Re: Filesystem corrupts after power failure



Markvr wrote:
Aragorn wrote:
On Thursday 31 August 2006 16:32, Markvr stood up and addressed the masses
in /comp.os.linux.misc/ as follows...:

I've seen several linux boxes get their file system corrupted after a
sudden power failure. Usually the partitions and the data is still
there, but for whatever reason it won't mount and boot correctly and
I've had to end up rebuilding the box from scratch which is a pain in
the arse as they aren't always on site.

This is normal because the kernel keeps certain file handlers open during
normal operation. An unexpected shutdown due to a sudden loss of power
will therefore not synchronize the buffers with the disk and will not close
all files.

I'm not a linux expert, but it seems that sometimes the GRUB gets
stuffed, or the partitions lose their labels or whatever so they won't
mount properly.

GRUB requires a filesystem to read from, as opposed to LILO, which reads a
binary logical block address to find its second stage loader and the
kernels. Therefore, if the filesystem is corrupted, GRUB is clueless.
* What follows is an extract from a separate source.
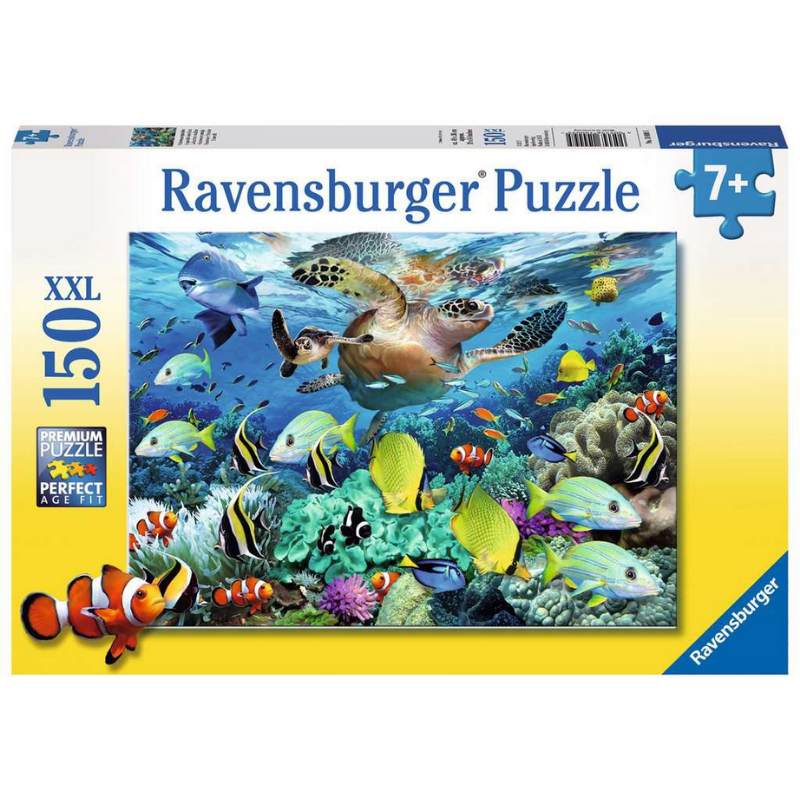 Children's underwater puzzle by Ravensburger showing vibrant ocean scene with colorful marine life and coral reefs.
Linux seems to handle power failures far more poorly than Win 2K /XP as
I've know very few Windows boxes corrupt this much after a power failure.

That's because Windows already corrupts itself during normal operation. It
takes a power loss to obtain the same effect in GNU/Linux.

I've tried using the sync option in fstab but it slows the box down too
much (a simple file copy goes from 7sec to 1min23sec).

That all depends on what file you are trying to copy, and how your system is
laid out. A good server administrator also splits off several of the UNIX
directory structure onto separate partitions and has several of those
mounted read-only during normal operation.

We tend to use software raid if that has issues with power failures?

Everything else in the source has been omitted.